Da wir die einzigen „Westler“ hier weit und breit sind, bleibt uns nicht’s anderes übrig, als in dem Fotoshooting mitzumachen. Für die Menschen hier ist es ganz besonders, mit uns auf Fotos zu sein, so ist jede Ansprache hier: „Selfi?“, und schon ist es passiert.
Wir ziehen uns in den letzten Zipfel des Bauwerkes in den Schatten zurück, um das weitere Vorgehen zu besprechen. Keine Minute Zeit, dann: „Country? Selfi?“. Ich muss schon sehr energisch nein sagen, jetzt reicht es! Und manchmal muss ich auch handgreiflich werden, um die Eindringlinge in meine Privatsphäre abzuwehren. Das ist auch Indien und sicherlich nicht böse gemeint, aber eben eine andere Kultur.

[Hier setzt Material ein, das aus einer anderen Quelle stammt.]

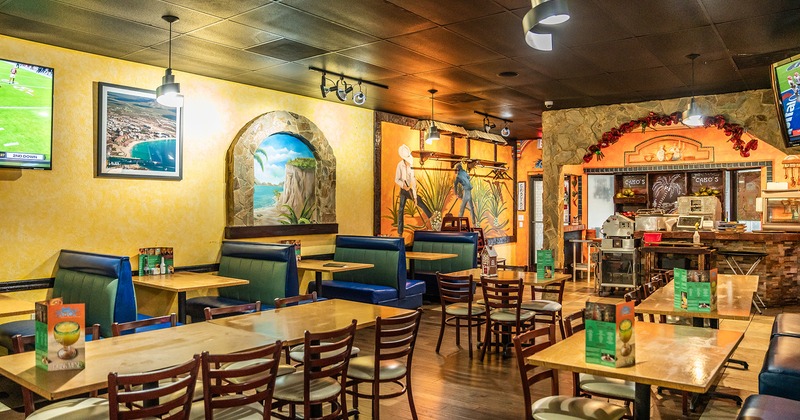 Restaurant interior, dining area with dining tables and booths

Instagram ist auch hier verbreitet. Vielleicht findet eine/r von Euch eines der vielen Foto mit uns im Netz!?
Wir wollen nun noch den Jaintempel und ein Museum besuchen, in der Hoffnung, dass es dort ruhiger ist. Wir nehmen eine Rikshaw. Bald treffen wir auf eine Barriere. Durchfahrt nur mit Mopeds möglich. Kurz danach, wir laufen zu Fuß, ist eine weitere Barriere aufgebaut, die von einem Polizisten mit Trillerpfeife im Dauereinsatz verteidigt wird. Doch es dringen immer wieder ein paar Mopeds durch die Absperrung, welches Anlass gibt, mit den Mopeds hupend vor der Barriere zu stehen bzw. zu kreisen und die Motoren aufheulen zu lassen. Trillerpfeife gegen Hupen, ein Spektakel, eben Indien.

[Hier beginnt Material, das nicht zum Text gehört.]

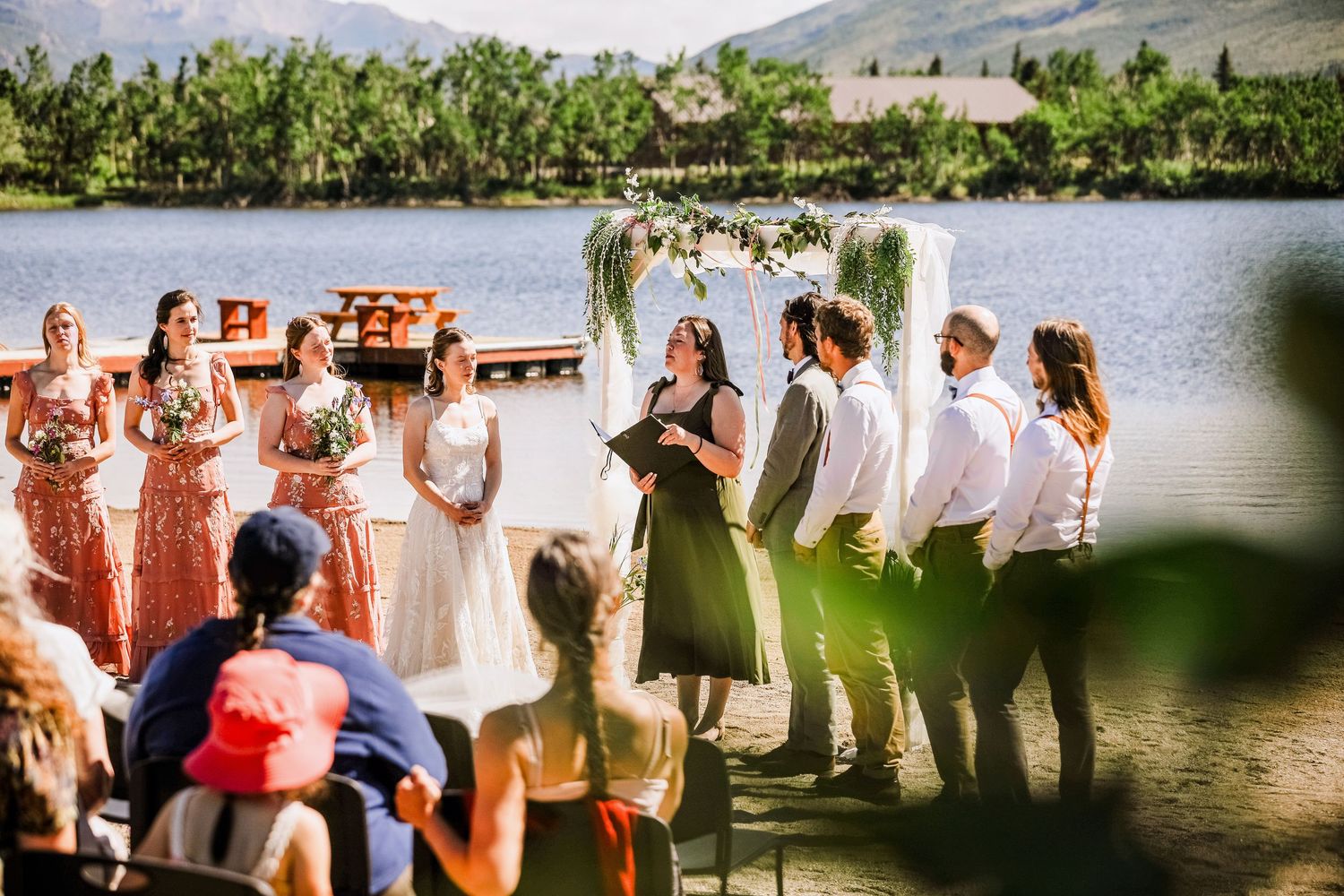 Lakeside dock wedding ceremony with wedding party and guests gathered under floral arch.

Für uns sind diese Massen an Menschen, dieses „Aufdringliche“, das Laute, das Hektische, die ansteigenden Temperaturen, kein Ort des Rückzuges in Sicht …… so anstrengend, dass wir die Stadt wieder verlassen. So schnell es geht, zurück in unser so beschauliches Pushkar. An der Kreuzung am Ortsausgang von Ajmer gibt es noch ein paar Geschäfte in denen man Bier kaufen kann … außerhalb der muslimischen Stadt Ajmer und der hinduistischen Stadt Pushkar, in denen es kein Alkohol gibt, bekommt man hier in sich aneinanderreihenden Läden alles an Alkoholika „was das Herz begehrt“. Crazy India! Wir fahren schmunzelnd zurück und denken an die Reaktion unseres Herbergsvaters.